Townland in County Cavan, Ireland

Altbrean (Irish derived place name Alt Bréan, meaning the 'Smelly Gorge’, so-called because of the decayed vegetation in the swamp at the bottom of the slope) is a townland in the civil parish of Kinawley, barony of Tullyhaw, County Cavan, Ireland.

==Geography==

Altbrean is bounded on the north by Tullydermot townland, on the south by Altachullion Lower townland, on the west by Aghnacollia and Commas (Kinawley) townlands and on the east by Altinure, Gubrawully and Sralahan (Kinawley) townlands. Its chief geographical features are hills which rise to 752 feet above sea level, the River Cladagh (Swanlinbar), waterfalls, river swallowholes, a gravel pit, a spring well and dug wells. Altbrean is traversed by the local L1019 road, minor public roads and rural lanes. The townland covers 329 statute acres.

==History==

In earlier times the townland was probably uninhabited as it consists mainly of bog and poor clay soils.
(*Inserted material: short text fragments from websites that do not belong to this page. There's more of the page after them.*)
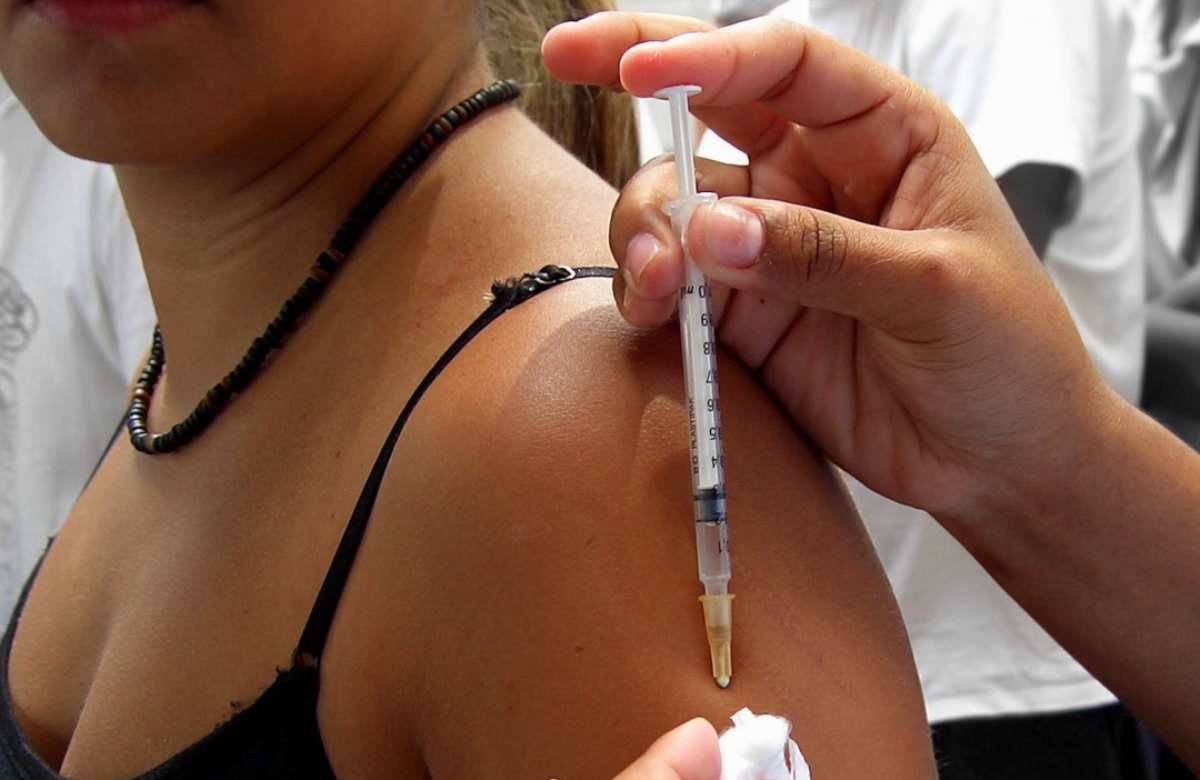 Una mujer es inoculada con la primera vacuna contra esta enfermedad.
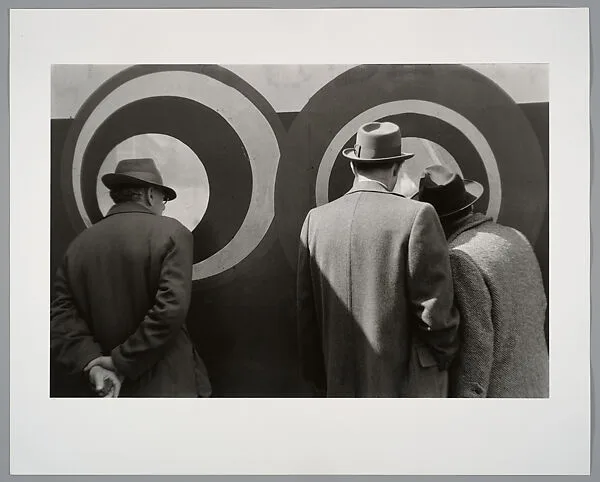 Concentric Circles, NYC — Louis Stettner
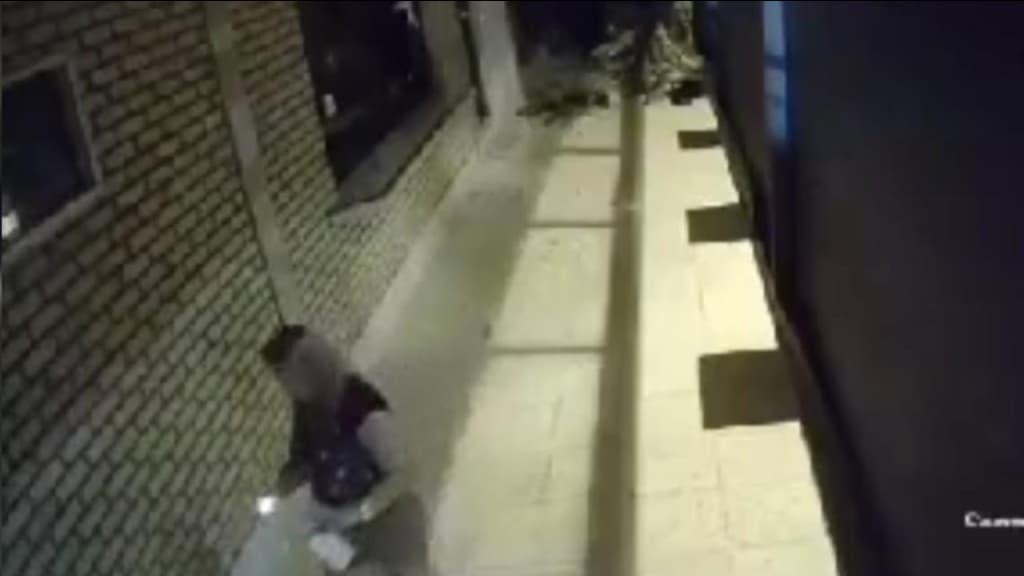 Mulher bota fogo na loja do marido após homem pegar seu celular, em Itapema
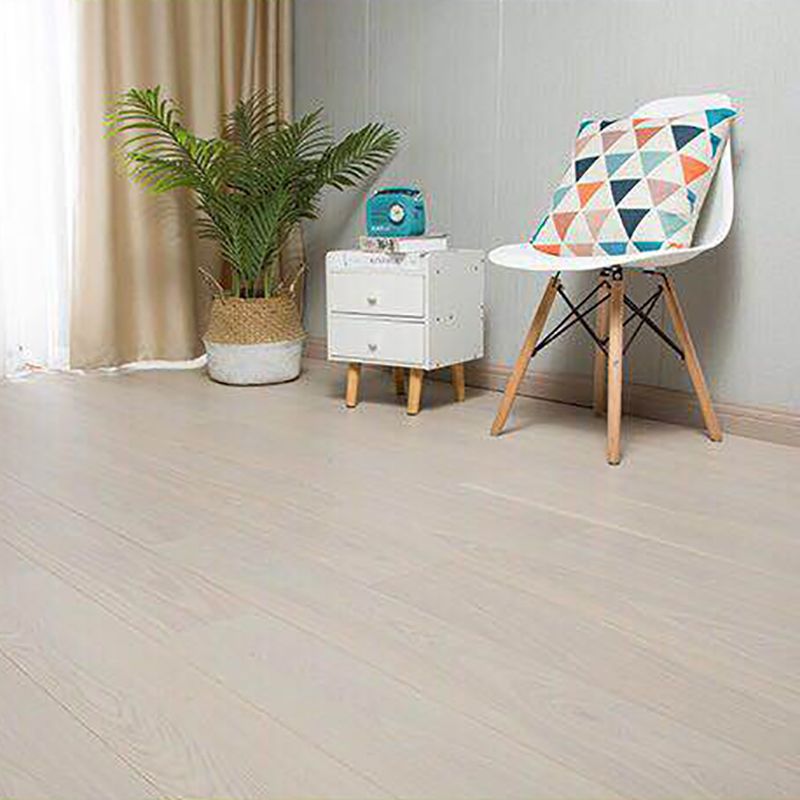 Traditional Laminate Flooring Click-Lock 15mm Thickness Scratch Resistant Waterproof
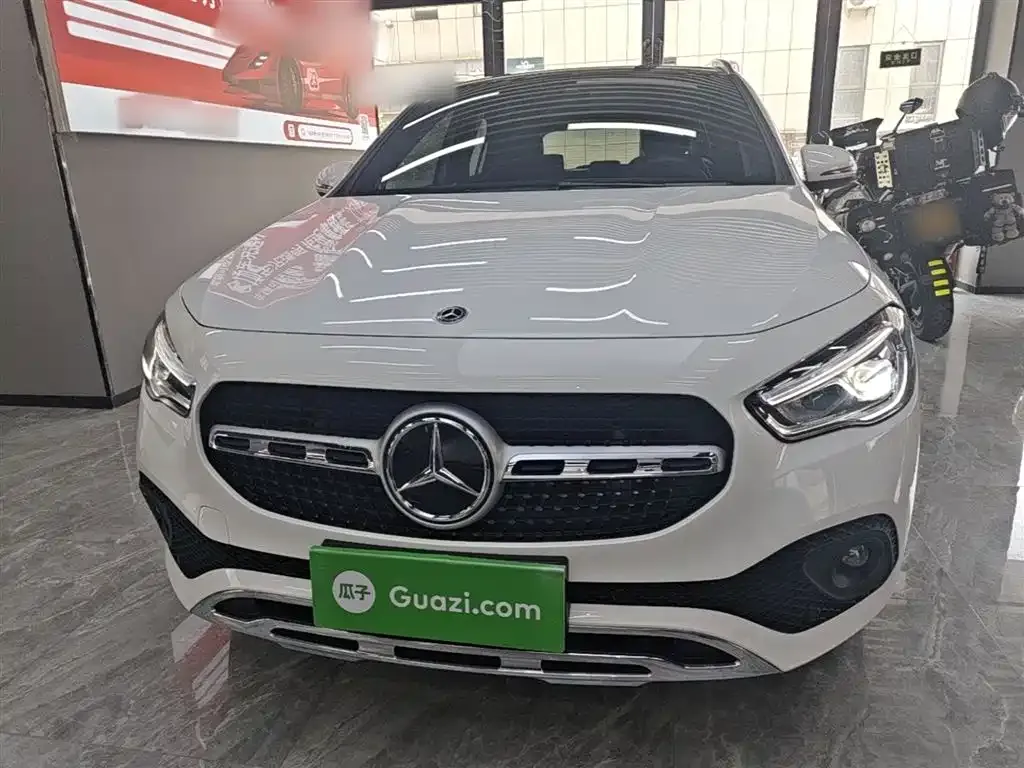 Mercedes-Benz GLA — фото 10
It was not seized by the English during the Plantation of Ulster in 1610 or in the Cromwellian Settlement of the 1660s so some dispossessed Irish families moved there and began to clear and farm the land.
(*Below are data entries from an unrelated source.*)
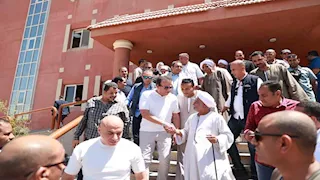 جولة ميدانية لوزير الصحة بقنا لمتابعة الخدمات والمستشفى الجديد (صور)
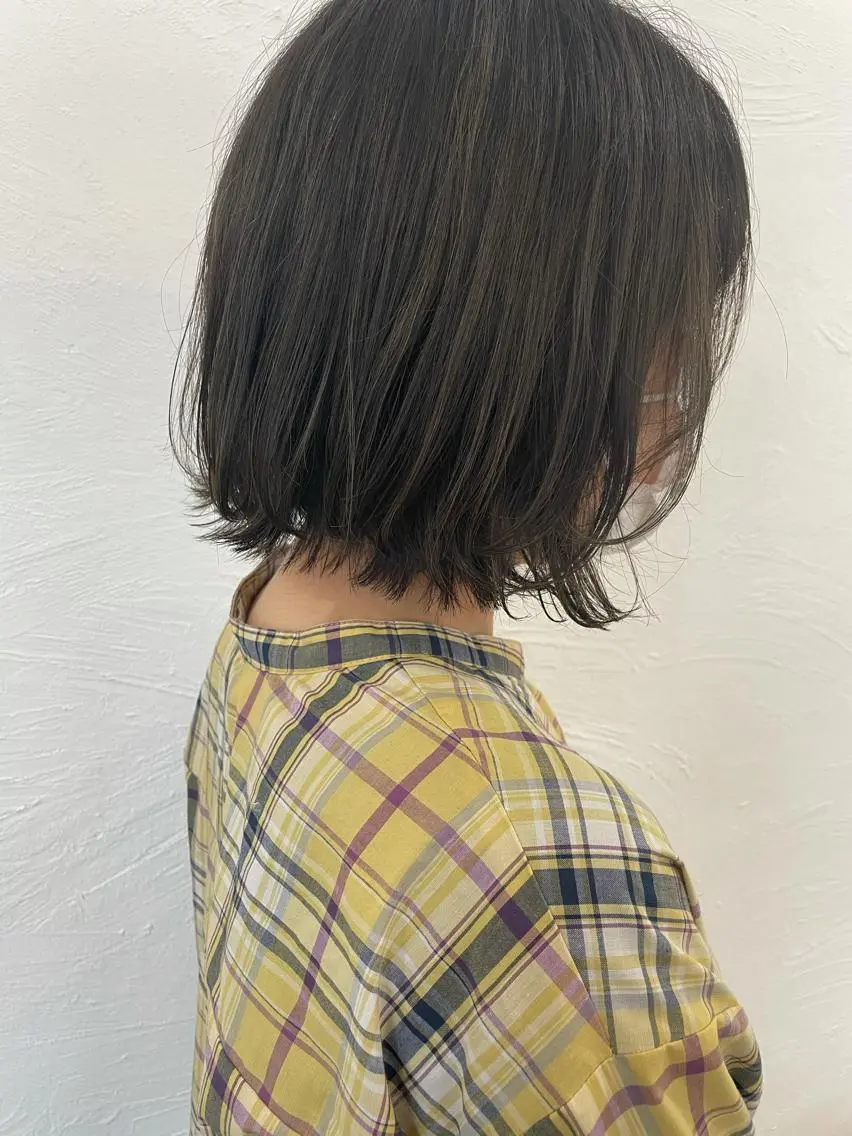 ミディアム カラー ハイライトカラー ハイライト 河野 満月のヘアスタイル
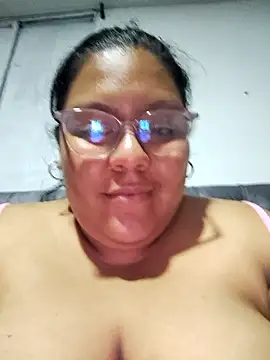 Snapshot of sheila_ro chatting on 01-16-26, 04:49 sheila ro online show from 01-16-26, 04:49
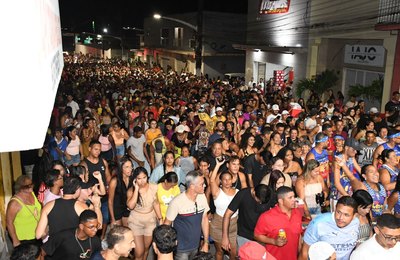Ressaca de Carnaval reúne multidão e encerra folia com sucesso em São Miguel dos Campos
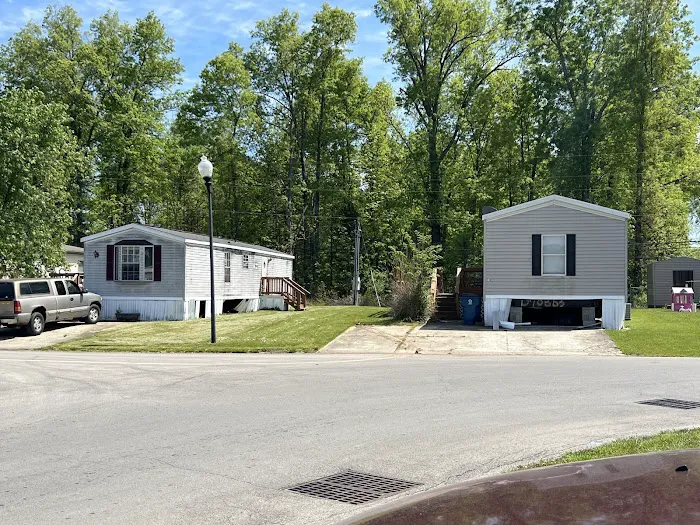 Hickory Acres Manufactured Home Community Picture 8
The 1825 Tithe Applotment Books spell the name as Altbrean.

The 1836 Ordnance Survey Namebooks state- As it is merely a track of mountain, it is free from county cess and tithe.

Griffith's Valuation lists nine landholders in the townland.

The landlord of the townland in the 19th century was the Hassard estate.

==Census==

| Year | Population | Males | Females | Total Houses | Uninhabited |
|---|---|---|---|---|---|
| 1841 | 29 | 11 | 18 | 5 | 0 |
| 1851 | 58 | 23 | 25 | 8 | 0 |
| 1861 | 46 | 21 | 25 | 9 | 2 |
| 1871 | 14 | 7 | 7 | 4 | 0 |
| 1881 | 32 | 17 | 15 | 5 | 0 |
| 1891 | 40 | 22 | 14 | 5 | 0 |

In the 1901 census of Ireland, there are six families listed in the townland.

In the 1911 census of Ireland, there are seven families listed in the townland.

==Antiquities==

1. Stone bridges over the river, including Commas Bridge, a single-arch sandstone bridge, built c.1860 over the Claddagh River.